Glad the NatureThroid is kicking in.

Here is info. You are taking MG, not MCG. 
http://www.nature-throid.com/

Nature-Throid™ (Thyroid USP) Tablets, micro-coated, easy to swallow with a reduced odor, for oral use are
natural preparations derived from porcine thyroid glands (T3 liothyronine is approximately four times as
potent as T4 levothyroxine on a microgram for microgram basis). They provide 38 mcg levothyroxine (T4)
and 9 mcg liothyronine (T3) for each 65 mg (1 Grain) of the labeled content of thyroid.

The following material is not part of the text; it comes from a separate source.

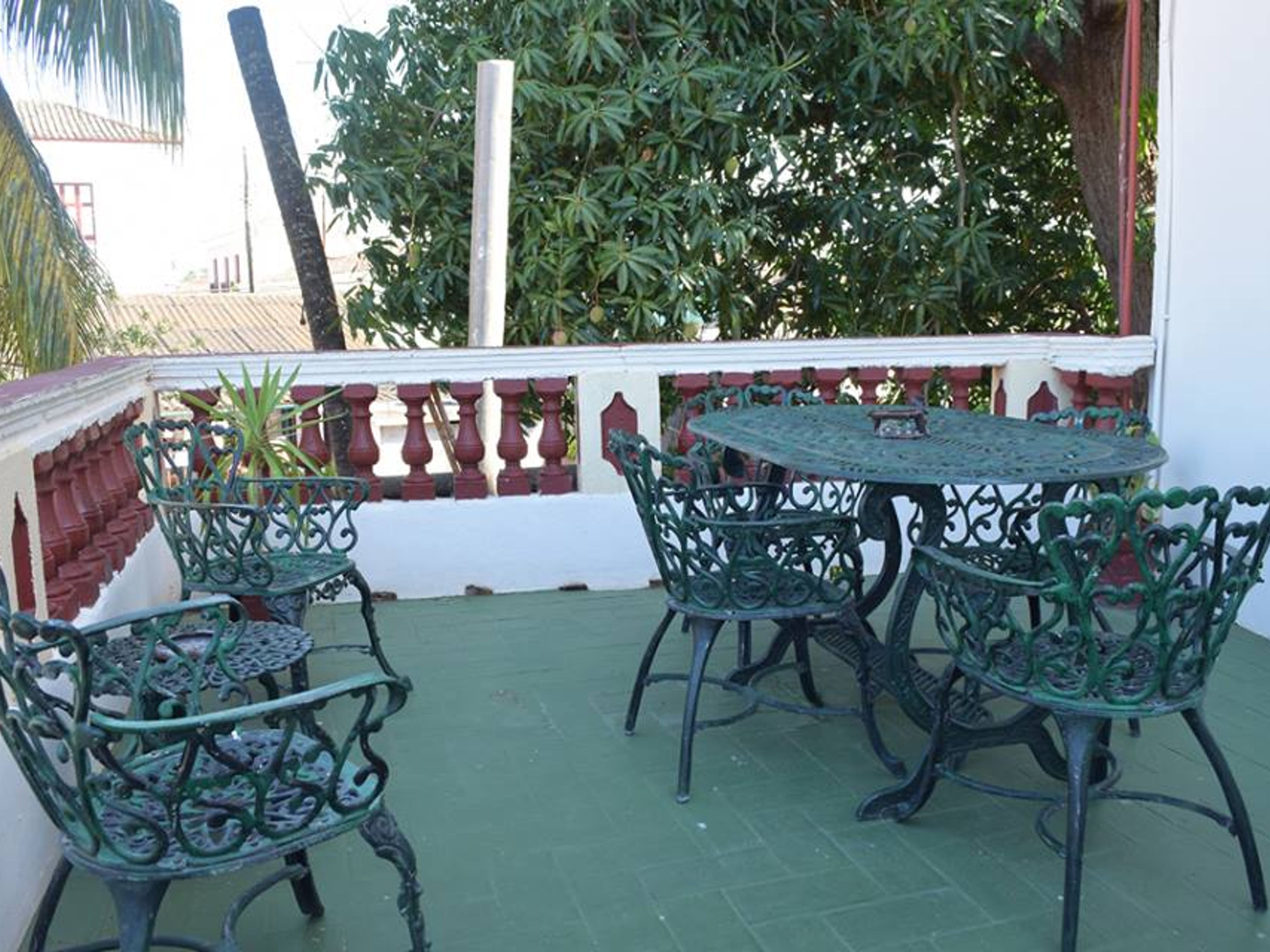 Hostal El Laberinto de Duarveras, PI Y MARGALL, No. 17 - House´s terrace details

http://www.nature-throid.com/images/Nature-Throid-PI-Rev041121-03.pdf

It may take some time but I do believe this will help alleviate the tinnitus as well. I sure hope so!


----------



## sjmjuly (Mar 23, 2012)

I am concerned though because just the smallest dose is making me jittery. I took just an 1/8 of a grain and woke up with the jitters & pounding heart. Had to take an Ativan to relax. Why is this happening?


----------



## lainey (Aug 26, 2010)

What were your original labs?

Are you still chewing it? This medication is meant to be swallowed with a full glass of water.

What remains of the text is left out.